Developers don't have to create a whole bunch of reflection maps to do reflections, water, and many other materials. It's a pain in the ass and they never quite look good enough anyway. It's also going to offer a huge increase in geometry. Rasterized graphics are easy to get up and going, but past a certain point, the more polygons you have the slower it gets. Ray tracing is mainly dependent on resolution and it's the complete opposite. It takes a lot of power, more than currently available to get it up and running. But once you cross that point, you can have lots and lots of geometry at very little additional cost. It won't affect it. That means more actual 3D detail in objects, especially organic plants like trees. So there's an expected switch in the industry coming shortly. Well known figureheads like John Carmack is already gearing his studio towards preparing for it.

Can we have it?

Not yet. We're actually really close on the PC, but still nowhere near being able to run on next gen consoles. Real ray tracing is around the corner on the PC though. See the Brigade ray tracing engine. Keep an eye on it. It's going to be awesome. The only thing confirmed for consoles are screen spaced reflections, which is NOT to be confused with the real thing.

What's the difference between ray tracing and screen spaced reflections?

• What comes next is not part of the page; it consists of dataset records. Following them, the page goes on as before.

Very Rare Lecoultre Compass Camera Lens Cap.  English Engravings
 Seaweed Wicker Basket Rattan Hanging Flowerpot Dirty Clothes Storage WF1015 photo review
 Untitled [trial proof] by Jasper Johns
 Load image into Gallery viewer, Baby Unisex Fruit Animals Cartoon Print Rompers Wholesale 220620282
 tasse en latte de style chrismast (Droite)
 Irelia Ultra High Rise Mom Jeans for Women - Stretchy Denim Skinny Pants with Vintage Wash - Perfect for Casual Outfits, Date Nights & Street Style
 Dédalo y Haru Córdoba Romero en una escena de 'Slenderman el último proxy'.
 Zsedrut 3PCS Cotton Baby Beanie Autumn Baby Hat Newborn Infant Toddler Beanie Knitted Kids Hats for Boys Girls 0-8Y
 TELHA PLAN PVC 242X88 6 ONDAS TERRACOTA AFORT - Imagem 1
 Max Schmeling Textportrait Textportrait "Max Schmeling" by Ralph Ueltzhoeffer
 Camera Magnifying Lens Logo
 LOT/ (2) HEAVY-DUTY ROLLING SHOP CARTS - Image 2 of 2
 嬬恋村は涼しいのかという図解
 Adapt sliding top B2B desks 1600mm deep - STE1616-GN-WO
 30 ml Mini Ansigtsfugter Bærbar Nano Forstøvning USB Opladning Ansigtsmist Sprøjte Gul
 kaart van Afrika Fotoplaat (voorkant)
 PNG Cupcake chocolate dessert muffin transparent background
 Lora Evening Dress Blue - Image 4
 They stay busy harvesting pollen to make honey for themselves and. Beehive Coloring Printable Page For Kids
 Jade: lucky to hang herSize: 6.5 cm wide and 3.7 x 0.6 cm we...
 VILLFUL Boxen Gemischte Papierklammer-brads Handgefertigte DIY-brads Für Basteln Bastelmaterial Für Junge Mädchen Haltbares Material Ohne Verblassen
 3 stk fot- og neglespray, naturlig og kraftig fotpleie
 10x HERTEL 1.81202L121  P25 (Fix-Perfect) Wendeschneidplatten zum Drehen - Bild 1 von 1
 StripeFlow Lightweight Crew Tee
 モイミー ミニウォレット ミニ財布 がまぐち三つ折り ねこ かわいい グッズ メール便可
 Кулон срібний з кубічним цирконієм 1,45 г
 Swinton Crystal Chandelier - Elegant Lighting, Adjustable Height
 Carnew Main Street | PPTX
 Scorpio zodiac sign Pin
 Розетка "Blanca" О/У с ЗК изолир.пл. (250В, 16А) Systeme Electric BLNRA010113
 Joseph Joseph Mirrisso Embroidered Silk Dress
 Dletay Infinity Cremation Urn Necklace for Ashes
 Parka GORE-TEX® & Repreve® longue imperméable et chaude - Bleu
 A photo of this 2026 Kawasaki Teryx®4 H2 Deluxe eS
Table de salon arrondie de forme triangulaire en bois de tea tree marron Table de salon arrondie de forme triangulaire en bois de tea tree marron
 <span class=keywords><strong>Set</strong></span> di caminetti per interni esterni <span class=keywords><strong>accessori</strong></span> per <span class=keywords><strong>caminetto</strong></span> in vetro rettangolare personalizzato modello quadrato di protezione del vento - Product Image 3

SSR is a standard feature of Crytek's Cryengine, Frostbite, Unreal Engine 4, Guerrilla's KZ:SF engine, and a lot of others, but it's not the same thing. They are not even remotely close to being similar. It's a hack mainly to give you dynamic reflections only. It's not a lighting engine. It's just used for getting dynamic reflections for rasterized graphics, but that's all. No transparency, no lighting and shadows, no global illumination, no refraction benefits, none of that. And the reflections themselves only take into considerations objects on screen, not objects that may be out of your view, but where you should still see their reflection if you are at an angle. It just won't be there.

Screen spaced reflections:

Brigade 2 ray tracing lighting engine:

Note how close it gets to images you typically only see in 3D animation programs or Pixar movies. Except, it's in real time and runs at roughly 30fps but currently requires roughly a Titan to run and it's still very noisy in motion.

The entire lighting engine, shadows, material creation is driven by the ray tracing engine. Not a lot of texturing going on here. The look of materials isn't dependent so much on the original texture, but rather on how light bounces off the defined material surface. Procedural texture work fantastic with ray tracing in creating realistic materials. Notice the reflections at the top which reflect objects not on scree, which beyond the capabilities of screen spaced reflections.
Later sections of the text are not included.